Without betraying the details of my process or dropping any spoilers, “Burning Sands” felt familiar enough for me to overlook whatever artistic exaggerations the filmmaker, a member of a black Greek organization, included. Shortly after I took off my shirt, as in almost immediately, I was consenting to rituals and relationship dynamics I never imagined I would tolerate, and I continued to do so every night for the next two months, motivated as much by pride as a sense of brotherhood.

No matter how surprising the onset of my initiation was, once I started the process, it was unconscionable for it to end in any way other than with Greek letters across my chest. During the most difficult stretches, I would see diminutive members of other fraternities and convince myself, “If they survived this, there’s no way I’m going to break.”

I was desperate to affirm my manhood while allowing it to be violated on a nightly basis. There is much about the pledging process that is unnecessary and incompatible with my notions of healthy relationships, so I don’t discount its many critics.

However, on the night I was to tell my fraternity brothers I was gay, as I sat in the chapter meeting and reconsidered my decision while listening to the homophobic jokes that peppered our discourse, I drew upon the same stubborn resolve that saw me through pledging: having started the process, it was unconscionable for it to end in any way other than sharing my truth.

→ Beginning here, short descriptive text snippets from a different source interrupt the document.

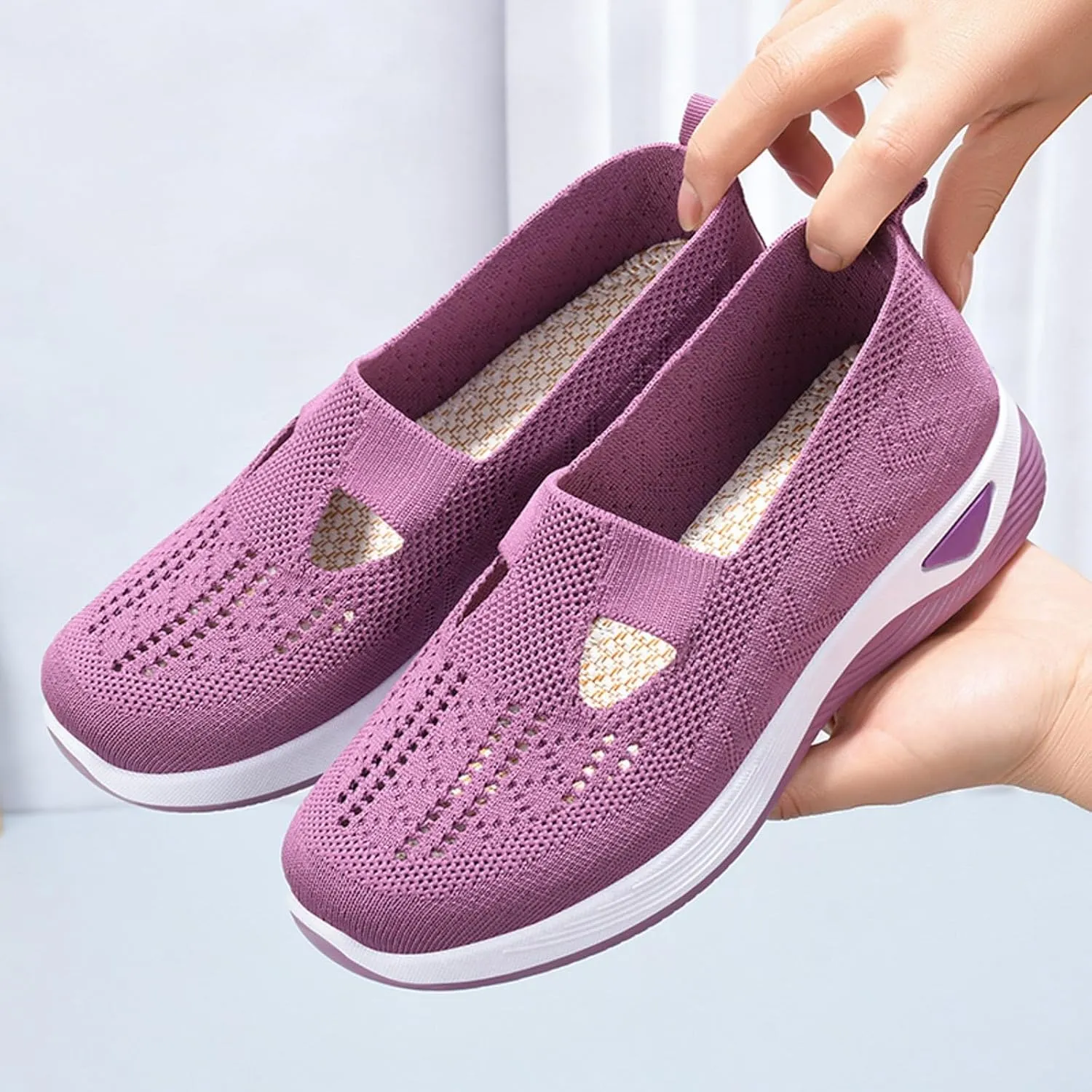 Womens Orthopedic Diabetic Walking Shoes Slip On Sneakers with Arch Support Comfortable Casual Loafers Plantar Fasciitis Foot Pain Relief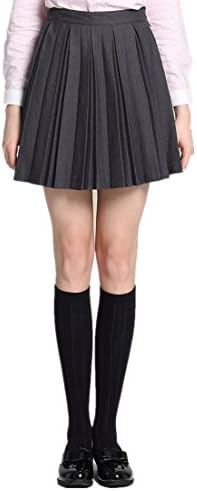 Etongenius grey summer uniform pleated skirt for girls and women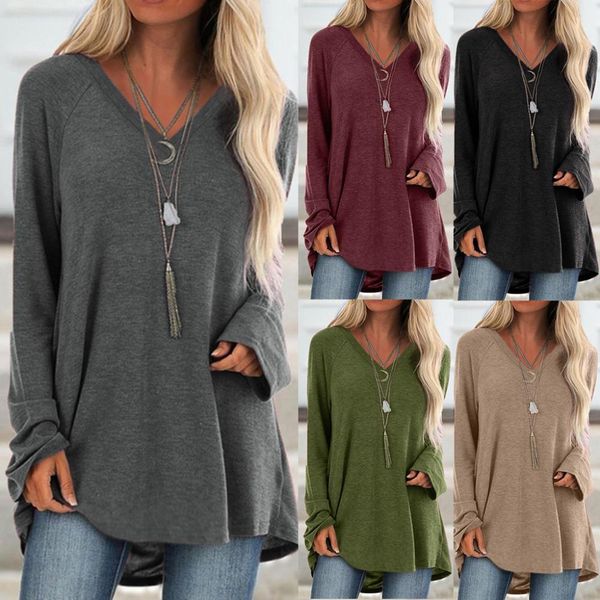 

plus size woman tshirts casual solid color long sleeve v neck tee women loose pullover femme t-shirts mujer camisetas, Gray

That night, that chapter meeting, with those young men, remains one of the most empowering moments of my life, and the compassion and solidarity my fraternity brothers showed has sustained me many times in the dozen years since. We might have experienced that bond without the aspects of the initiation process that I consider senseless; but that was not how we arrived at that moment, and whatever I went through to get there was worth it.